Page 4 of 4

Re: Opinions On A New Programming Language

Posted: Mon Feb 12, 2018 2:23 am
by Wajideus
alexfru wrote:Where does your language stand w.r.t. this problem? Is it for machines or for people?
This question is kind of tricky to answer, because it's for both. On the machine side of things, the overall goal is to give you much more expressive power in regards to how your data is laid out in memory and the relationships between pieces of that data. Contrary to popular opinion, I care very much about this, because data locality has a huge impact on performance.

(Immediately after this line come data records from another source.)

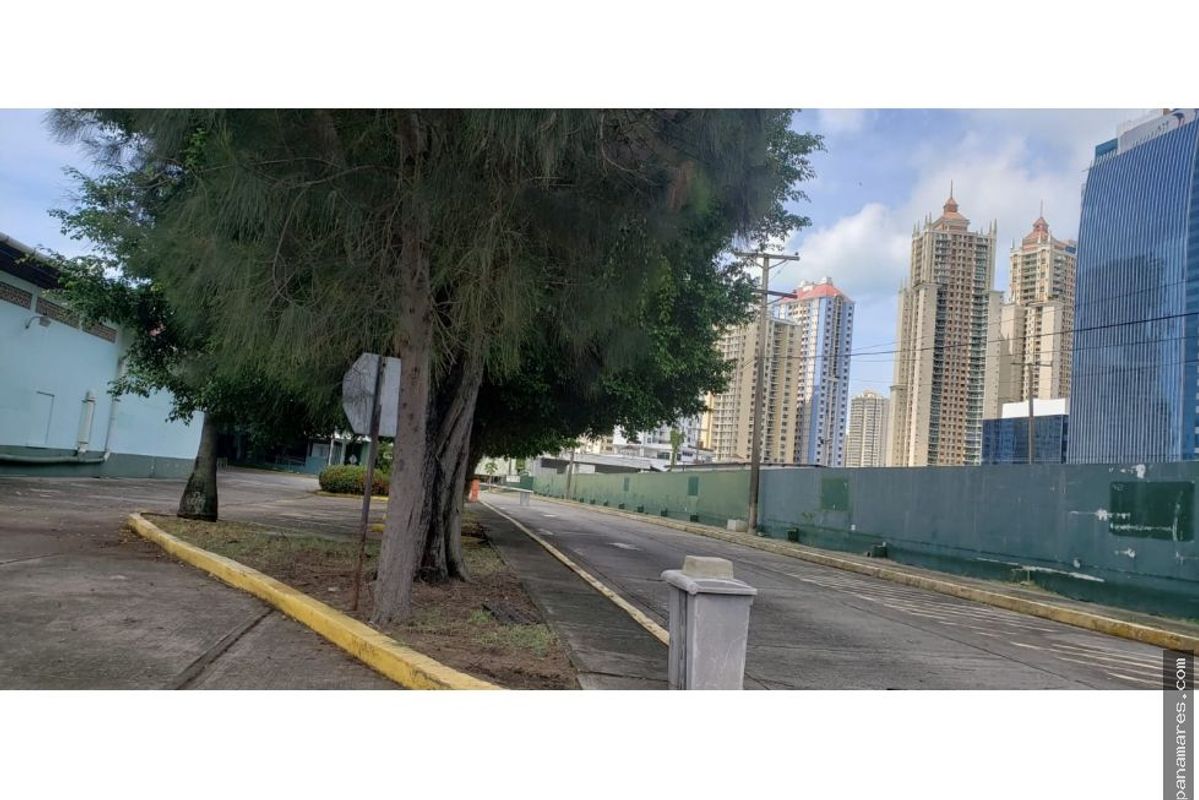 ¡terreno Con Mucho Potencial En San Francisco! — Apartaestudio en Venta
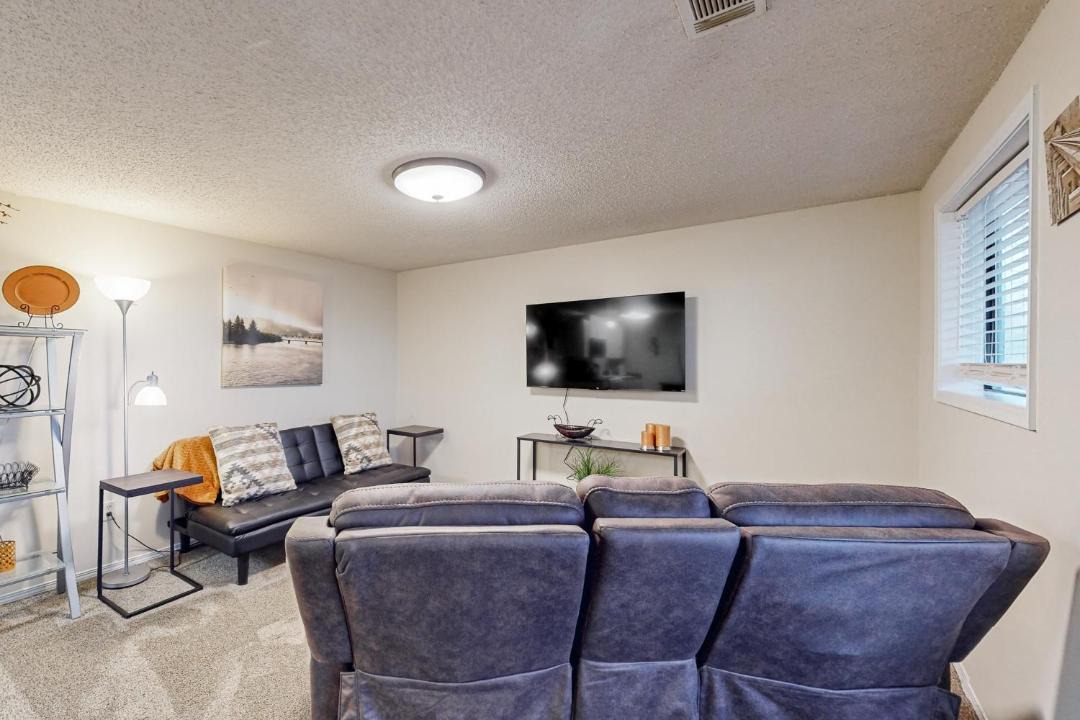 Photo of Others in Notch Estates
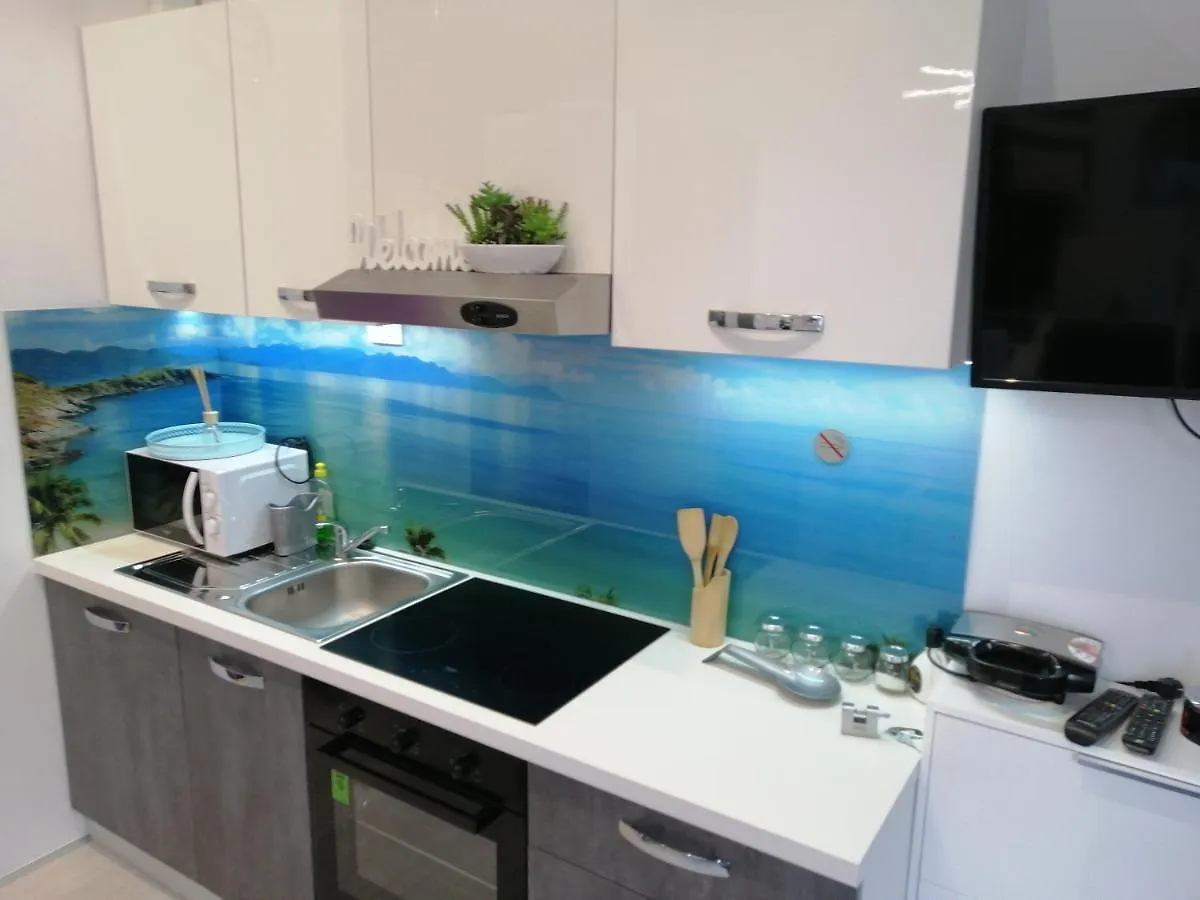 Apartment Rose By The Beach & Tennis Courts Spalato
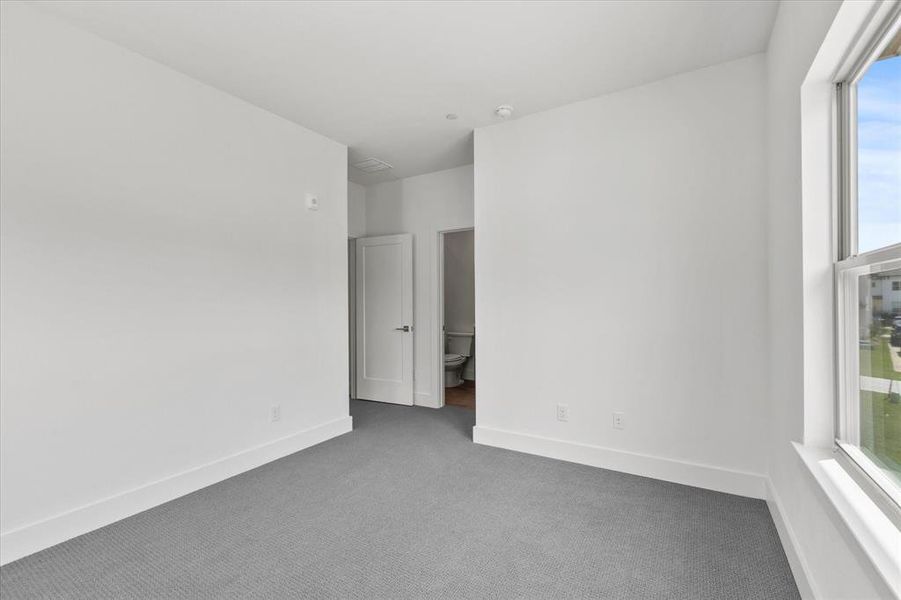 Spacious, unfurnished interior of a new home in , Lake Dallas (Image 18). Spacious, unfurnished interior of a new home in , Lake Dallas (Image 18).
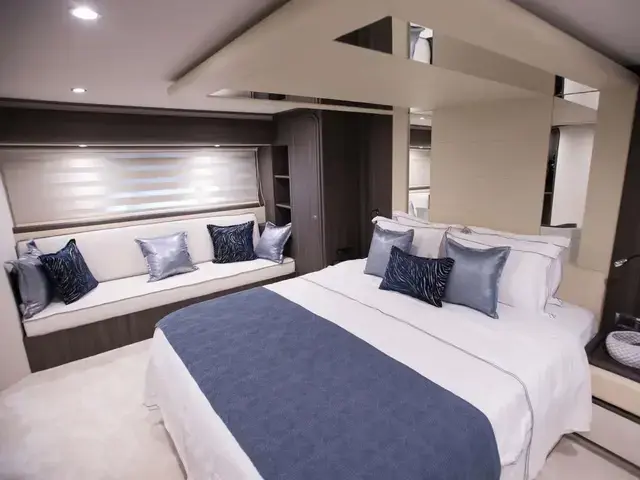 Ferretti Yachts 76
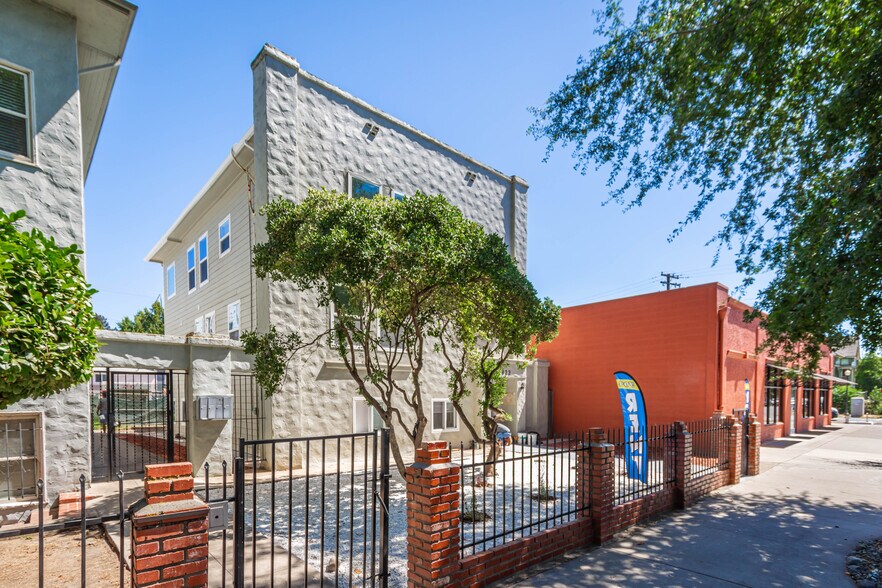 More Photos Of 1823 P St, Sacramento Apartments For Sale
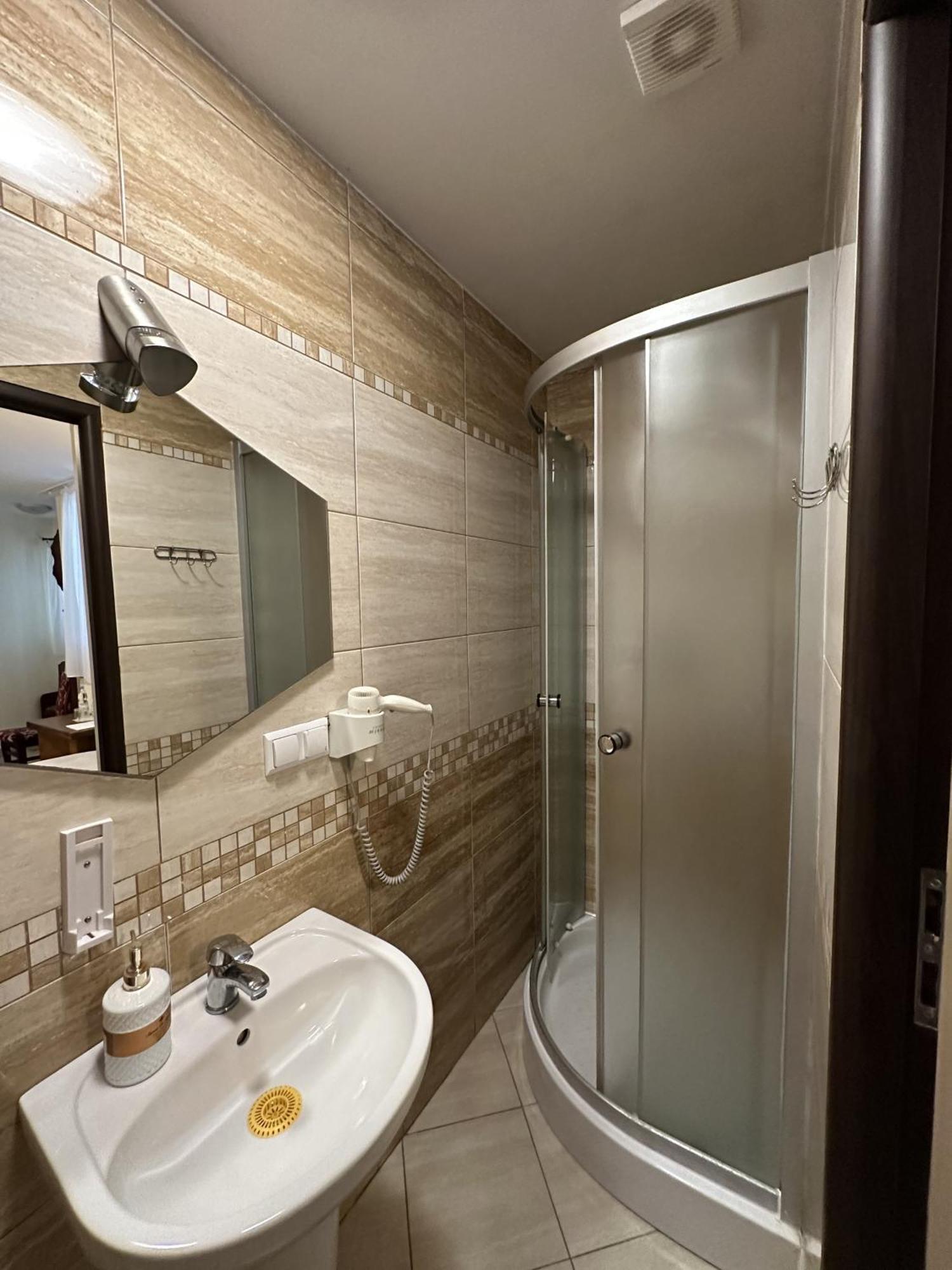 Palac Tarnowskich Hotel & Restauracja & Spa Ostrowiec Świętokrzyski Εξωτερικό φωτογραφία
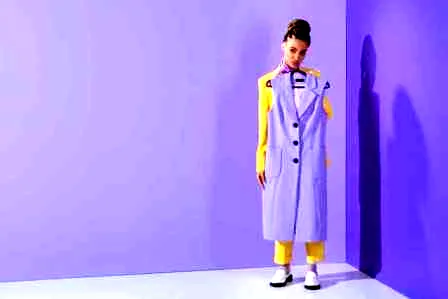 大脸女生适合的发型 蓬松短烫发更时尚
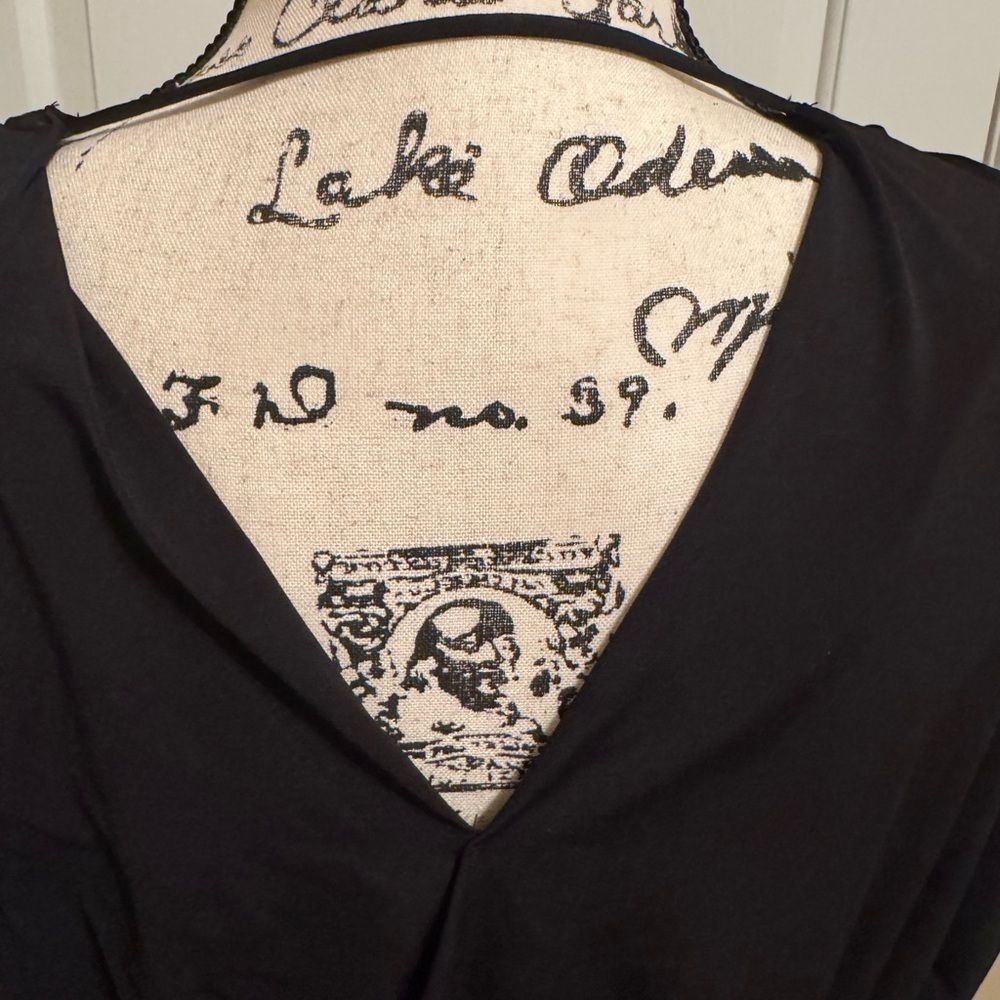 I.N.C. International Concepts Women’s Surplice V-Neck Top Black Small NWT - Picture 7 of 8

On the human side of things, I've gone far out of my way to provide abstractions that exist solely to reduce complexity.For example, being able to bake parameters into functions to reduce the number of parameters that a function takes, being able to "use" substructs to flatten nested data structures, adding import bundling to flatten nested namespaces, allowing members of structures and function arguments to express meaningful relationships between each other via DAGs, separating interfaces from structures so that you can very easily add / remove / change components of a system without requiring a cascading recompilation, being able to use "use" to steal () and [] operators from functions and arrays to allow for extremely simple implementation of generators / coroutines / continuations / sparse arrays / dictionaries / etc.

In a lot of ways, the language is both far lower-level than C and far higher-level than C++; and syntactically, it's not even 1/4th as complex as C++ to comprehend. Much like C, what you see is what you get, and there's no surprises.


EDIT:
To be honest, if I had to put my finger on it, I'd say that a majority of my design decisions are guided by looking at how real-world problems are solved at a low-level, and then figuring out how to simplify the implementation of those specific solutions. For example, in my previous post, I was looking at the problem of "how can I pipe functions together in such a way that the size of the input and output data varies?". This is actually a fairly complicated problem to tackle, but it matters when you're dealing with data that's being streamed or generated; for example, in the implementation of a graphics pipeline.

And as I mentioned, although it's possible to do with the current syntax of the language, I'm not entirely happy about it specifically because it's complex to implement; so I'm working on making that more intelligible on the human side.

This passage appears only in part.